Trump não está acabando com a globalização, mas está mexendo com as cartas do sistema comercial globalizado, que já se readapta para os novos tempos. Conseguiu fazer China, Japão e Coréia negociarem medidas conjuntas contra o tarifaço. Afastou a Europa, que promete retaliações. Está perdendo os acordos com o Canadá e México. Trump isola o EUA com sua política de taxações. A instabilidade criada por sua guerra comercial ameaça cadeias globais de suprimento e investimentos, trazendo inflação e desemprego.

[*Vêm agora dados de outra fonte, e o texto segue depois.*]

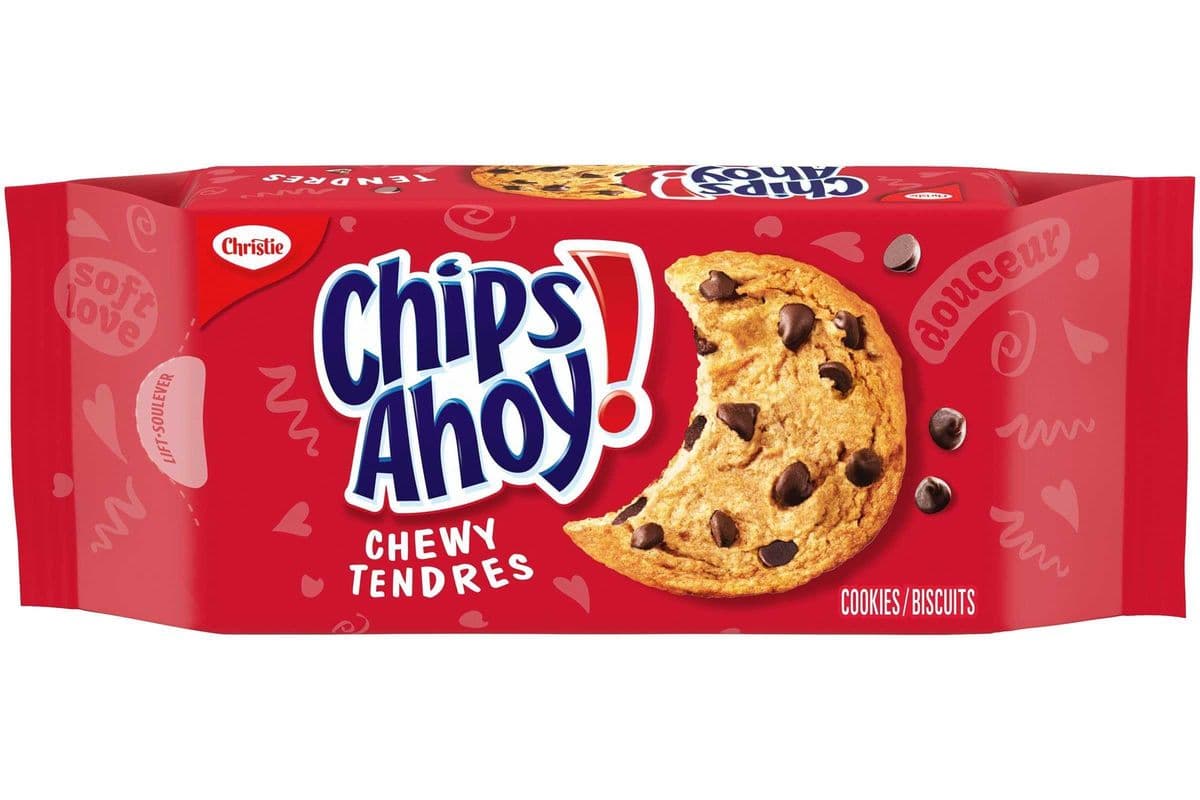 Chips Ahoy - Chewy (271 g)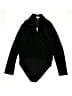 Reiss Black Bodysuit Size L - photo 1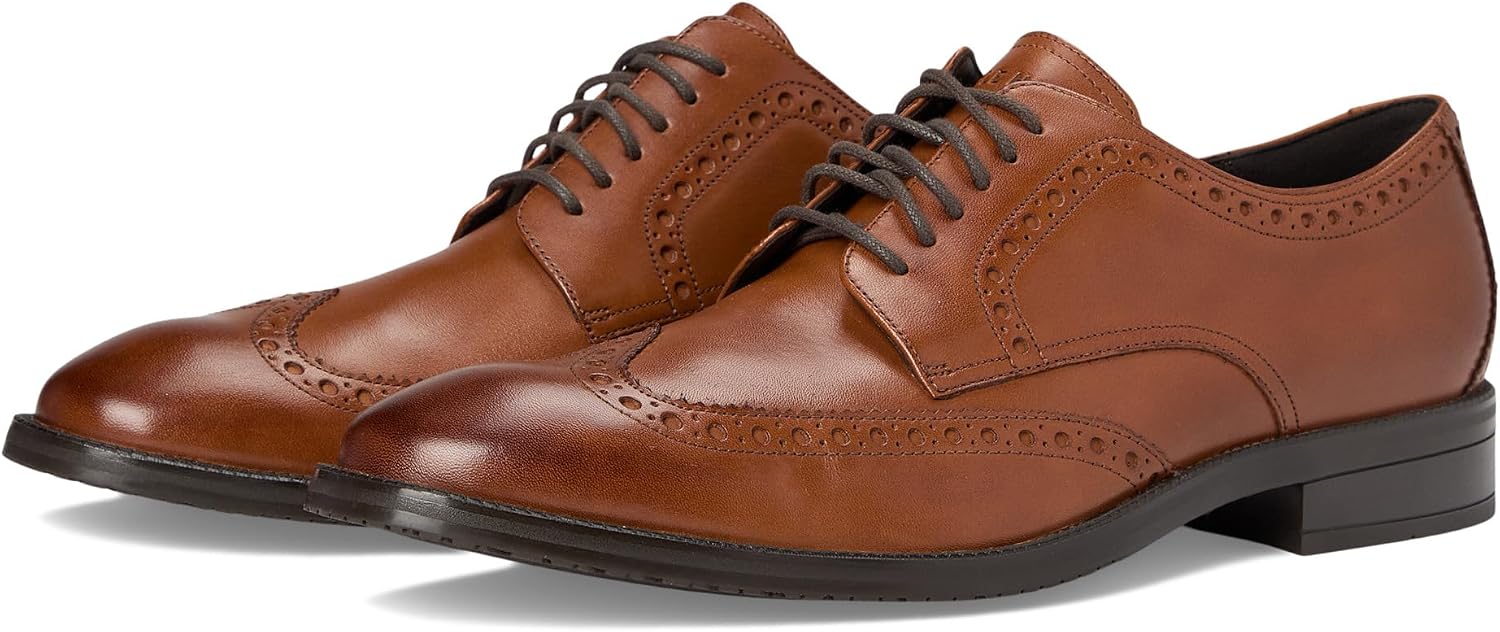 콜 한 Modern Essentials Wing Oxford
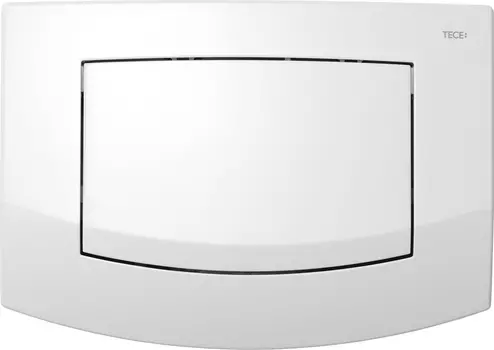 Кнопка смыва TECE Ambia 9240100 белая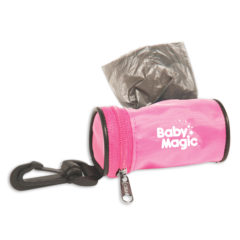 Dirty Diaper Bag Dispenser - 1556045435_3261_Pink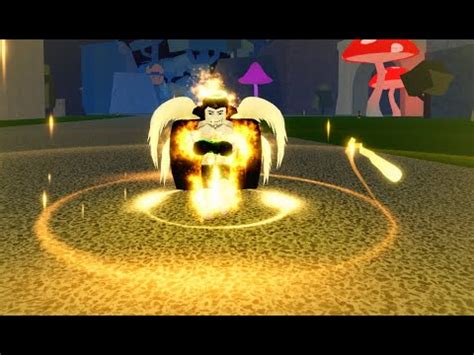 Best Flame + Electro Claw One Shot Combo』Bounty Hunt l Roblox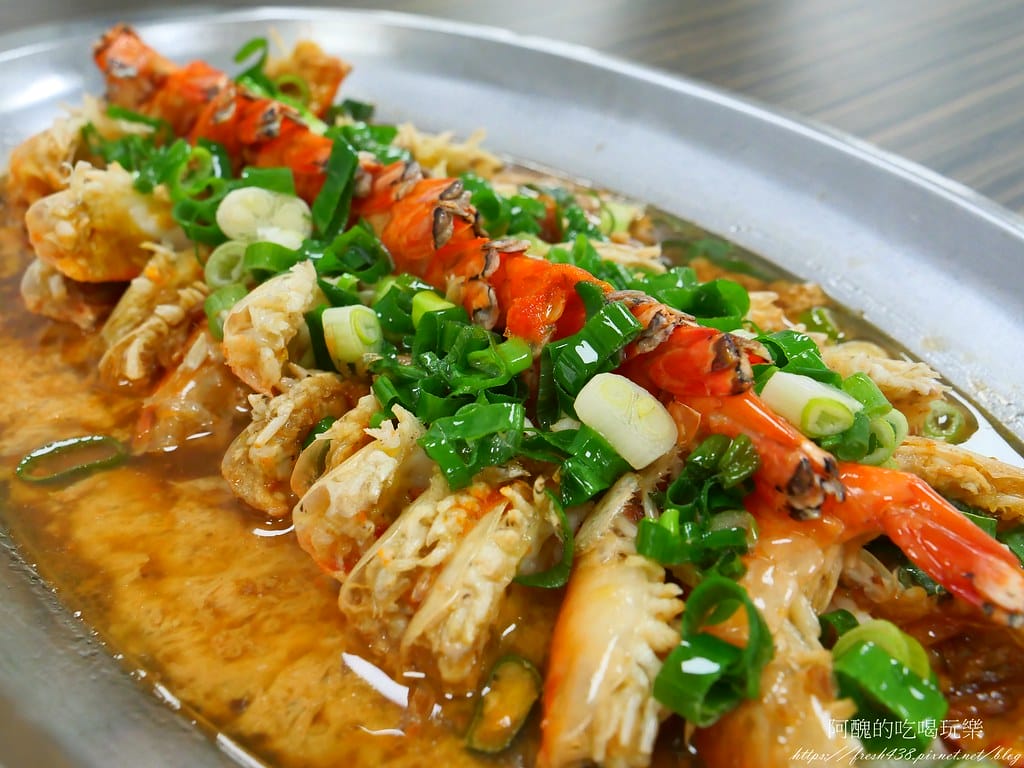 【新北美食】集鮮城水產餐廳,泰山熱炒店,附設卡拉OK,讓您吃飽又嗨爆! - 第30張圖 P1021505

A globalização e o neoliberalismo trouxeram um poder sem precedente para as corporações mundiais e uma perda de poder para o Estados-Nação. Essas corporações, que mandam no mundo, não vão permitir esses ataques por muito tempo. Ou Trump volta atrás em muitas medidas ou seu governo não resistirá. De qualquer forma suas ações aceleram o fim da hegemonia dos Estados Unidos e abre as portas para a multipolaridade já anunciada pela ascensão da China e Rússia e, agora, também de uma parte do mundo que se afasta dos EUA. O grupo que quer se livrar do dólar deve aumentar.

Fábio da Cunha
Professor Dr. Fábio César Alves da Cunha é geógrafo e docente associado do Departamento de Geografia da Universidade Estadual de Londrina UEL. Possui mestrado em Planejamento Ambiental (UNESP), Doutorado em Desenvolvimento Regional (UNESP) e Pós-Doutorado em Metropolização pela Universidade Federal do Paraná (UFPR). Trabalha com geografia urbana e regional, planejamento urbano e ambiental, geopolítica e metropolização.